▶ What you are asked to do
Retype, exactly and only, each line from the one containing "Peugeot - Paris" to the end of the records below.

[Web page caption snippets]

-- Opening Marker --

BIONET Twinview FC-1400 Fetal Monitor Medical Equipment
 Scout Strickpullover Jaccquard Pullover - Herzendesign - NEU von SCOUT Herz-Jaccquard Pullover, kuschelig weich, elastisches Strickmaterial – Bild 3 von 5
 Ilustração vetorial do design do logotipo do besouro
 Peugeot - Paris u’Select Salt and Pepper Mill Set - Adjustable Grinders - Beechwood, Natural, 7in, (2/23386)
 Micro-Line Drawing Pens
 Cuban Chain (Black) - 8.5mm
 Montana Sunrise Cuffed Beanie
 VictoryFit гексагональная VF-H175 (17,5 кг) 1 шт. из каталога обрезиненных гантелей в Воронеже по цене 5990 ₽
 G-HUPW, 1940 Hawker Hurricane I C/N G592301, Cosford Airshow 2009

-- Closing Marker --

▶ Answer to this exercise
 Peugeot - Paris u’Select Salt and Pepper Mill Set - Adjustable Grinders - Beechwood, Natural, 7in, (2/23386)
 Micro-Line Drawing Pens
 Cuban Chain (Black) - 8.5mm
 Montana Sunrise Cuffed Beanie
 VictoryFit гексагональная VF-H175 (17,5 кг) 1 шт. из каталога обрезиненных гантелей в Воронеже по цене 5990 ₽
 G-HUPW, 1940 Hawker Hurricane I C/N G592301, Cosford Airshow 2009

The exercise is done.